The GTE Blitter

The blitter code within GTE is the heart of the engine. Without a fast blitter, there is no hope of the library becoming useful for writing any sort of game which requires fluid animation. Since the Apple IIgs computer does not contain any sort of hardware support for scrolling or sprites, we are required to be a bit more innovative.

Stack Remapping and the PEA Instruction

A very good initial source of inspiration can be found in IIgs TN #70: Fast Graphics Hints. This Tech Note describes techniques for performing fast animation on the IIgs. The note gets straight to the point -- mapping the stack onto the graphics screen is the fastest way to achieve animation. This is effected in two steps.

  1. Turn on shadowing of Bank $01 -> $E1 by setting bit 3 of the shadow register ($C035) to zero.
  2. Select auxilliary RAM card write by writing to $C005 or setting the appropriate bit at $C068.
This little bit 'o magic forces any writes which would have been written to Bank $00 to be written to Bank $01 instead.
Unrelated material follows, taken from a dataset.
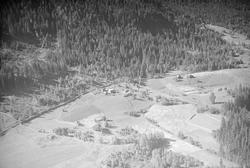 Ukjente småbruk, trolig Østre Gausdal, åkrer, slåttemark, he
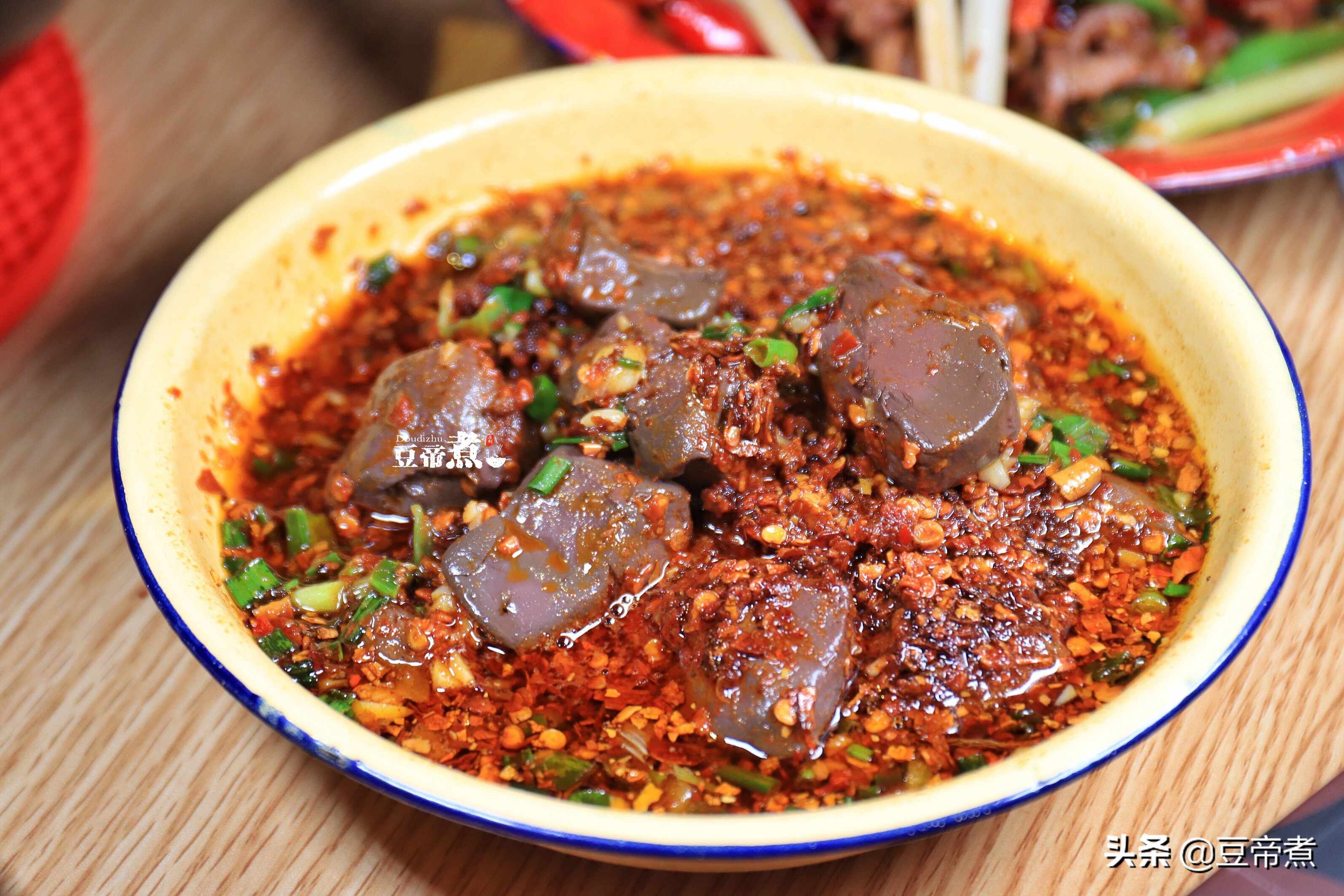 不吃麻辣火锅，就吃梁山鸡，国庆前打卡网红圣地，带你品尝美食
This, combined with the two facts that
  1. The Stack lives in Bank $00, and
  2. The graphics screen lives in Bank $01
mean that we can now write to the graphics screen using the stack!

The Field of Dreams

The promise of being able to pump pixels at a rate of 1.25 cycles per pixel is too great a siren song to turn away. However, there are several practical issue which must be dealt with before we can adapt the technique to be flexible enough for the purposes of GTE.

First, consider one of the primary goals of GTE -- to produce full-screen scrolling. Generally speaking, we may need to write a unique value to every word on the graphics screen. Since the super hi-res screen takes up 32000 bytes, we need to use a total of 16000 PEA instructions. This works out to needing 48000 bytes of RAM; well withing the 64K bank limit of the IIgs. However, life is never as simple as this.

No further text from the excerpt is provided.